Mime-util is a very small, easy-to-use MIME detection library for Java. It can be used for any type of Java application and can detect MIME types from different sources like File, InputStream, URLConnection, byte array etc. Recently 1.3 version of the library was released and had a look at it.


The new release brings in some changes in packages by deprecating eu.medsea.util and bringing in eu.medsea.mimeutil package. The library still has the old package for backward compatibility. The MIME detection is based on the Unix magic mime files which is used by Unix file command. When using the library, it actually tries to access this file for detecting the MIME type. For other platforms, the library uses an internal copy of magic.mime file. This is available in eu.medsea.mimeutil

Working with the library is very simple. I tried out a simple swing application where the user will select a file using JFileChooser and the MIME type is detected and displayed. Assuming that you have got the absolute path of the file, here is my code:



FileInputStream fis = new FileInputStream(dataDisplayLabel.getText());
BufferedInputStream bis = new BufferedInputStream(fis);
MimeUtil mimeUtilObject = new MimeUtil();
log.warn("Support for Mark and Reset: " + fis.markSupported());
log.warn("Support for Mark and Reset: " + bis.markSupported());
log.info("Stream size: " + fis.available());
Collection coll = mimeUtilObject.getMimeTypes(bis);
log.info(coll.size());
Iterator itr = coll.iterator();
while(itr.hasNext()) {
MimeType mt = itr.next();
log.info("Media type: " + mt.getMediaType());
log.info("Sub Type: " + mt.getSubType());
}
One important point to note is that FileInputStream does not support mark and reset methods.
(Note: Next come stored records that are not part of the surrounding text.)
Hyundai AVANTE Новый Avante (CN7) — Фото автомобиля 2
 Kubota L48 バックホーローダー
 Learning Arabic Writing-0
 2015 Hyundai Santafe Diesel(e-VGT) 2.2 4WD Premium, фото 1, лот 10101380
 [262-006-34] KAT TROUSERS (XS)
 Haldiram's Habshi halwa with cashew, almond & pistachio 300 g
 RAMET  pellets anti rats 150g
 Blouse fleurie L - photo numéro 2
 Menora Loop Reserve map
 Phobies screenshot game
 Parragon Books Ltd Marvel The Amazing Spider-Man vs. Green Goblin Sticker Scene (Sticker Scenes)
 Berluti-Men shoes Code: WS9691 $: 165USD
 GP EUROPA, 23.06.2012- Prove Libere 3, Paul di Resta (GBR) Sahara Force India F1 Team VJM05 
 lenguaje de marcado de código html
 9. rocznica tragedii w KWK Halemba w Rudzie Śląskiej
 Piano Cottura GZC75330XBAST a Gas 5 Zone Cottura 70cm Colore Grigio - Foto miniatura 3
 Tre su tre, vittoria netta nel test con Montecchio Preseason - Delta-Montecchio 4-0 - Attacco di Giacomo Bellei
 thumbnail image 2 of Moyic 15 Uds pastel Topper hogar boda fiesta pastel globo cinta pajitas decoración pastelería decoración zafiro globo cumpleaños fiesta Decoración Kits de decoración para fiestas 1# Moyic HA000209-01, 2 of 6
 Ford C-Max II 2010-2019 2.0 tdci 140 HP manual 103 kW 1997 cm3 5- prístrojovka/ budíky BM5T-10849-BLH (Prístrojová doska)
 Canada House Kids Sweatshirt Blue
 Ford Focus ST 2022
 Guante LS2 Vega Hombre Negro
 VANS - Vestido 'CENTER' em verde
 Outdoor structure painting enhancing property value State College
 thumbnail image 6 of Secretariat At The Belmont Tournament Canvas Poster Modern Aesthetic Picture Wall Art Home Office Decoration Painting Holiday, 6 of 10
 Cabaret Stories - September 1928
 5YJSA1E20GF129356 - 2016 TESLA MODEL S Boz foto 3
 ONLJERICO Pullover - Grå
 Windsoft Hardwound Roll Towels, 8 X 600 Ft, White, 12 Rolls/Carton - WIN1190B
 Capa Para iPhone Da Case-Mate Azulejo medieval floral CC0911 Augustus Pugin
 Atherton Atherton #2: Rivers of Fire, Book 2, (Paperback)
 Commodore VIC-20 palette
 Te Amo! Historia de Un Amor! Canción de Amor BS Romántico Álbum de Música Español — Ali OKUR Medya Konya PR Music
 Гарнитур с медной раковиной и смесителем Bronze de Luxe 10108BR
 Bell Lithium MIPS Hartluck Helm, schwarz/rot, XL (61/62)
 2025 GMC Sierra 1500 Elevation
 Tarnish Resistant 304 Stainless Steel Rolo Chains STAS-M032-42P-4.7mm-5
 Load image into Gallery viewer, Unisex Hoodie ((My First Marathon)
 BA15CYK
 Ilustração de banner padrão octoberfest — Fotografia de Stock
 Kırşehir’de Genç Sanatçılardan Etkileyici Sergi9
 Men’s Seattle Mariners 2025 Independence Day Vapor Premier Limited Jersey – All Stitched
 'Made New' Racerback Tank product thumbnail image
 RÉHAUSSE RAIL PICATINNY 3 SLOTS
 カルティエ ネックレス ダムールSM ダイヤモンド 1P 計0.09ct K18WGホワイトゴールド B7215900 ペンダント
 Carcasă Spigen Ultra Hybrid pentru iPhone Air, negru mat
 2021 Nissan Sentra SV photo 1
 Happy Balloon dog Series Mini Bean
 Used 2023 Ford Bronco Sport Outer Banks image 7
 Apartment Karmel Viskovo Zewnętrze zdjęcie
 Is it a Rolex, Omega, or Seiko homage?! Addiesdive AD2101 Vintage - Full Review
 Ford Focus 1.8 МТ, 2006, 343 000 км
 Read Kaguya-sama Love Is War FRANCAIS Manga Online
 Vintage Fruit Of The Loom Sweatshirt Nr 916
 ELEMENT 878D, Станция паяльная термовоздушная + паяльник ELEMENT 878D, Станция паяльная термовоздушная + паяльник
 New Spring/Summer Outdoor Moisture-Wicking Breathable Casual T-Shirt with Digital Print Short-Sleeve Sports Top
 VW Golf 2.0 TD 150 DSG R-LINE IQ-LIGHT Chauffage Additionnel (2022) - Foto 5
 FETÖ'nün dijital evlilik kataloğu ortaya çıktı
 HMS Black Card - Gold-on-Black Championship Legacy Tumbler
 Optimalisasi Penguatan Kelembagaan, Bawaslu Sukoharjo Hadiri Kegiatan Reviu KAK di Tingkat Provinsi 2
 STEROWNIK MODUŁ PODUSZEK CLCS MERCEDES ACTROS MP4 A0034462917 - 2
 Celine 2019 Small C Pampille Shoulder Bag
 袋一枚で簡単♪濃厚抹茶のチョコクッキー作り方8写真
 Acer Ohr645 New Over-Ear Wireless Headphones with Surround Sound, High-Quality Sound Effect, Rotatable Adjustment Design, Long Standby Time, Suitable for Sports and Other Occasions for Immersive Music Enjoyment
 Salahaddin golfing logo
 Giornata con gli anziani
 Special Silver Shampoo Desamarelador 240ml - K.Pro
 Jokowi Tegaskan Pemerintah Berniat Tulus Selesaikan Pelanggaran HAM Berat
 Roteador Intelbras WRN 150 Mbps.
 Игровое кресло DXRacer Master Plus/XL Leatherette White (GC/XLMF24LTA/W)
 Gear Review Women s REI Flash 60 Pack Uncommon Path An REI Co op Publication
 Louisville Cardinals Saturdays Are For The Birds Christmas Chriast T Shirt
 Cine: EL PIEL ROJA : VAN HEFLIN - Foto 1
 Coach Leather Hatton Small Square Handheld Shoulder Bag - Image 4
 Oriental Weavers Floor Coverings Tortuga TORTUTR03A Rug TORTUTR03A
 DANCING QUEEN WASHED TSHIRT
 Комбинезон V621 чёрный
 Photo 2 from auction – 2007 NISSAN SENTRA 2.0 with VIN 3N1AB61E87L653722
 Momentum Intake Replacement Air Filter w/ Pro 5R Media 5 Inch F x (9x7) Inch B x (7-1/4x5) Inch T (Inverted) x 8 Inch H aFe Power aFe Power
For MIME detection, you will have to provide a InputStream that supports mark and reset methods. In this case, I have used BufferedInputStream and it is fed into getMimeTypes method. After detection of MIME type all the methods they return a collection. You will have to iterate this collection and get media type and sub type using separate APIs.

Even though this library will not be frequently used, it can be used for validation of files during upload or transfer. It is not always safe to check the file extension and proceed with your program logic. You can download mime-util library from sourceforge.

3 comments:

smcardle said...

Hi Abdel,

Thanks for this blog on mime-util. I appreciate that this blog only covers the InputStream method but I would like to point out a few more features that your readers may find interesting or helpful.

The 1.3 release of the utility has an extend able MimeDetector strategy and by default there are 2 pre-registered MimeDetector(s) available. The first of these is the ExtensionMimeDetector which uses property files to map file extensions to mime types. Users can add there own mappings to external files allowing them to add new mappings or override existing mappings provided by the utility. These are case sensitive mappings so the library knows the difference between MyClass.c and MyClass.C if bothe .c and .C are defined. This MimeDetector does not require an actual file to exist as it operates only off of the longest extension name i.e. it knows the difference between myfile.gz and myfile.tar.gz.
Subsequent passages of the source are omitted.